■ Stored dataset items

- - - - - - -

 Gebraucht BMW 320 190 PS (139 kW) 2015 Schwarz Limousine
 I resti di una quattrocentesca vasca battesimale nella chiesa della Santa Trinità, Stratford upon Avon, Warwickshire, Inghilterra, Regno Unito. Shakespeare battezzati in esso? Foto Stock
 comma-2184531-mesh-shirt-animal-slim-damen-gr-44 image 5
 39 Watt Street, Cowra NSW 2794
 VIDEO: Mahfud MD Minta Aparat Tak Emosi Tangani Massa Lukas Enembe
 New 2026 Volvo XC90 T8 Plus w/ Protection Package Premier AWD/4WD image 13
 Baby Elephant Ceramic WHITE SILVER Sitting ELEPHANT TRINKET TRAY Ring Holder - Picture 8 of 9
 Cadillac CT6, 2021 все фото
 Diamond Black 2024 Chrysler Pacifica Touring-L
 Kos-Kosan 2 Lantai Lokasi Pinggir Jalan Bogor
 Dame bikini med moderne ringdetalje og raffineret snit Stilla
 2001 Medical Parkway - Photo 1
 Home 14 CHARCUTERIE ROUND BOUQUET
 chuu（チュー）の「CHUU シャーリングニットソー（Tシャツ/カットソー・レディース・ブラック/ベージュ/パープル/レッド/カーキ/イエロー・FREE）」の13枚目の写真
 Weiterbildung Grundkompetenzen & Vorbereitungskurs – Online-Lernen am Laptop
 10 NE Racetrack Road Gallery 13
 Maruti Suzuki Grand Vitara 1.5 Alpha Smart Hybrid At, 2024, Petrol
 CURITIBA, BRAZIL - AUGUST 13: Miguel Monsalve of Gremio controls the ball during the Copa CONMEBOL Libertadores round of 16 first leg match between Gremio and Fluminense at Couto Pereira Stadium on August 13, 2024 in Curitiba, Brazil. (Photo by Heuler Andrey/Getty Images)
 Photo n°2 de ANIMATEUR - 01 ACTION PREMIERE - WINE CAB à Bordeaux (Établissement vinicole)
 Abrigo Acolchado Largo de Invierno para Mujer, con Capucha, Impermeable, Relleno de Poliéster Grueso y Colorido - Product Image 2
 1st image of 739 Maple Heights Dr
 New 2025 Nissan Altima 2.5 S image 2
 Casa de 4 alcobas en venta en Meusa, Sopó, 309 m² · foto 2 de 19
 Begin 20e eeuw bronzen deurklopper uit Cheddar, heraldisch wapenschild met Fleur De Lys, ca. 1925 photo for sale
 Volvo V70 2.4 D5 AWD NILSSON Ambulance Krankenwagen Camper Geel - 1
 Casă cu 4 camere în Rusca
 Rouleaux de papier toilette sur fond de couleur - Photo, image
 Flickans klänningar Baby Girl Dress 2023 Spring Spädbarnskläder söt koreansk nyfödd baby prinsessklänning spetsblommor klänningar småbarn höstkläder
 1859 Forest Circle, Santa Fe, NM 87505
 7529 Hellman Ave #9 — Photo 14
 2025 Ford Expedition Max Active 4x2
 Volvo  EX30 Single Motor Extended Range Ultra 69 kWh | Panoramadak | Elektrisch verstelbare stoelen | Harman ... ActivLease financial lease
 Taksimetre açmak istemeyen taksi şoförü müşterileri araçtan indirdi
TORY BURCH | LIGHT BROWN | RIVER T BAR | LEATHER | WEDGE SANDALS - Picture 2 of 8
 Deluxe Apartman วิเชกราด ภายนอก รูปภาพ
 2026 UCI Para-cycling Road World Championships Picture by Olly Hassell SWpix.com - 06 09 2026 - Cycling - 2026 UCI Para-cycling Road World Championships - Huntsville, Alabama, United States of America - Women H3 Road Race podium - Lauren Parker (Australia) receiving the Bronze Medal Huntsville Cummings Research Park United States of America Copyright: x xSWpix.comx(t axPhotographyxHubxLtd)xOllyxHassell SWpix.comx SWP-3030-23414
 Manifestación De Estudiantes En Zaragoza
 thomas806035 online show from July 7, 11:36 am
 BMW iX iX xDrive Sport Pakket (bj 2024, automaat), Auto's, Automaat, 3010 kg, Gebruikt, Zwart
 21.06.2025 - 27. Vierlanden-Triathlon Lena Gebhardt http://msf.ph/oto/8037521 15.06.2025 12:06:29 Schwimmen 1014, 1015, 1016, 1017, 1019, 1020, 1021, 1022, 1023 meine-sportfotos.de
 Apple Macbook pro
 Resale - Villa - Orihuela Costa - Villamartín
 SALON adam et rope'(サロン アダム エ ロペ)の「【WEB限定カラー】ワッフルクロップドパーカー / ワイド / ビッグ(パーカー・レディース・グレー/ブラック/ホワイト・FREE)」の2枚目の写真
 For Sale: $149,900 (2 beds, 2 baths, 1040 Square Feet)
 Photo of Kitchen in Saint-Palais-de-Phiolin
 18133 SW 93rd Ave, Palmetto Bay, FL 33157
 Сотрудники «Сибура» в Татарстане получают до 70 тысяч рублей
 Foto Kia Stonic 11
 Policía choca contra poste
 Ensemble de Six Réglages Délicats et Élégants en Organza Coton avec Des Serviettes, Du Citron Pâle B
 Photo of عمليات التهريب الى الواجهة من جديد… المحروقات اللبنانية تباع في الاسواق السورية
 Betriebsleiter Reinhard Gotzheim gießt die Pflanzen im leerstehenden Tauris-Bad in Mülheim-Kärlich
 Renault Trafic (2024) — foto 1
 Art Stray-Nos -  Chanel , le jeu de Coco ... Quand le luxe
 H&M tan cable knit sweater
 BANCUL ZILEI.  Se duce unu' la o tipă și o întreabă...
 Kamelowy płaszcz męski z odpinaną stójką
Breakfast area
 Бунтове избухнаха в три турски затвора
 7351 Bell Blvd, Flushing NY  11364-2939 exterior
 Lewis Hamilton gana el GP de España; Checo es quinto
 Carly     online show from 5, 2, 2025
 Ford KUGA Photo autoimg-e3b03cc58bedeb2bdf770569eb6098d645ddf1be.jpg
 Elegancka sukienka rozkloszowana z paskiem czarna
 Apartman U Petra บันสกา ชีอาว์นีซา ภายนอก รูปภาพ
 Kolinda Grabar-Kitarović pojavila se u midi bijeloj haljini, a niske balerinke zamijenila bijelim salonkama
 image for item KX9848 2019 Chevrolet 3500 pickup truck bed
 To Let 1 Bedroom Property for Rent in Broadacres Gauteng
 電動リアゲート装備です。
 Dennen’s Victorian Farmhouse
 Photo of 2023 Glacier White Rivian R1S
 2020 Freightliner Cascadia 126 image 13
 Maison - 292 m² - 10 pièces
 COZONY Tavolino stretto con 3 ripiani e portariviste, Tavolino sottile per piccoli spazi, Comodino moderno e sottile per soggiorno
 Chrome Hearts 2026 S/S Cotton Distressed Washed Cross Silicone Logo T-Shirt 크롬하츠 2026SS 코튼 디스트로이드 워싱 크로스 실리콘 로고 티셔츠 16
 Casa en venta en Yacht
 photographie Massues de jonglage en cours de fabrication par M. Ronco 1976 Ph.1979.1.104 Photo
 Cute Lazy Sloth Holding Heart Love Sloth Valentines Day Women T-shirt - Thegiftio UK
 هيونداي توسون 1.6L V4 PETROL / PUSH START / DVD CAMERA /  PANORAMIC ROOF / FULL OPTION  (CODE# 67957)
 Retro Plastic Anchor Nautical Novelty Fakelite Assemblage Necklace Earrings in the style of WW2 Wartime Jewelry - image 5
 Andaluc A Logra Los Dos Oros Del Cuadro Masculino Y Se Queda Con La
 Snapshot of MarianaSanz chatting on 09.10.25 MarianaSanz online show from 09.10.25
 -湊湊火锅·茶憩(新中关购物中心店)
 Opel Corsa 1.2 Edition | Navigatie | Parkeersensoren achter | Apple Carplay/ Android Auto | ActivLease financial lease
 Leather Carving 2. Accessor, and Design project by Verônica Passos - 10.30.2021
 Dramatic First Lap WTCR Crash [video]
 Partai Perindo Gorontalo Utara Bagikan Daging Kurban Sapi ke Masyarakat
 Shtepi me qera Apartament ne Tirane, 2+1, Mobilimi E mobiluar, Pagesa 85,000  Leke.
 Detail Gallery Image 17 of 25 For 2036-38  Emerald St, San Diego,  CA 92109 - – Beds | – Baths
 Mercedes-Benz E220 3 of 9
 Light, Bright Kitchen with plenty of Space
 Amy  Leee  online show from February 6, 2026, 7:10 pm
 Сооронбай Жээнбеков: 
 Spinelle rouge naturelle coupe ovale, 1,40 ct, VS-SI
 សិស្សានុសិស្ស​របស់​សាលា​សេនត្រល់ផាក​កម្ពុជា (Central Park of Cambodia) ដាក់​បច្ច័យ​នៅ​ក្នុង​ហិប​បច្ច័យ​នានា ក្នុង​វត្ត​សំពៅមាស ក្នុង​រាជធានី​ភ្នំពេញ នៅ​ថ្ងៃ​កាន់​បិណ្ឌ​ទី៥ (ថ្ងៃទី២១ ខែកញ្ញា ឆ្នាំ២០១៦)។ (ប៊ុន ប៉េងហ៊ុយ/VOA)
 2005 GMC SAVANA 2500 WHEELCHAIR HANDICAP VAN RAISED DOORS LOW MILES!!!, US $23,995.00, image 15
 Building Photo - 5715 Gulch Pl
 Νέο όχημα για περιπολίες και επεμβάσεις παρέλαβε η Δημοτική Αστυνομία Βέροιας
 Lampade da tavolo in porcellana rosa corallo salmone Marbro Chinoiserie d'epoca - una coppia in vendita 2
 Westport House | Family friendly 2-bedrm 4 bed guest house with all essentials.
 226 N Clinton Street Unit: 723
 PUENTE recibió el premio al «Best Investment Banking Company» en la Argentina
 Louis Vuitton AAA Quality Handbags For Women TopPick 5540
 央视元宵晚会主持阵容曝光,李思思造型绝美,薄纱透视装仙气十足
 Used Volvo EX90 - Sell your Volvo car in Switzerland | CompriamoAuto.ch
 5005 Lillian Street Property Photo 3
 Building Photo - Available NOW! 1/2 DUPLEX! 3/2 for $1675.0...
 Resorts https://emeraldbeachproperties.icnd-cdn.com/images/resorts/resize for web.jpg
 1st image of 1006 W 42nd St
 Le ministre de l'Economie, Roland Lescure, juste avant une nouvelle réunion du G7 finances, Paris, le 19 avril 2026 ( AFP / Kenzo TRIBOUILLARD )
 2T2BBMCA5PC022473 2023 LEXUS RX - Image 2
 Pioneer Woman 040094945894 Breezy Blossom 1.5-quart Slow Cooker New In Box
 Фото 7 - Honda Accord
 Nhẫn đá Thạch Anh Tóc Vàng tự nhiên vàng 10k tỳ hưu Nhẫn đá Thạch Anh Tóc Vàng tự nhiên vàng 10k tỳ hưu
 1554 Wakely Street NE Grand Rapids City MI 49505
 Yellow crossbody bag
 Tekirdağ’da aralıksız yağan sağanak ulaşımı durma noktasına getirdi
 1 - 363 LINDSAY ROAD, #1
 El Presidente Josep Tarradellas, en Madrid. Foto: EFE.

- - - - - - -

■ Instructions to follow
The word "ภายนอก" occurs on some lines of the data. Give the number of those lines only.

■ Task result
2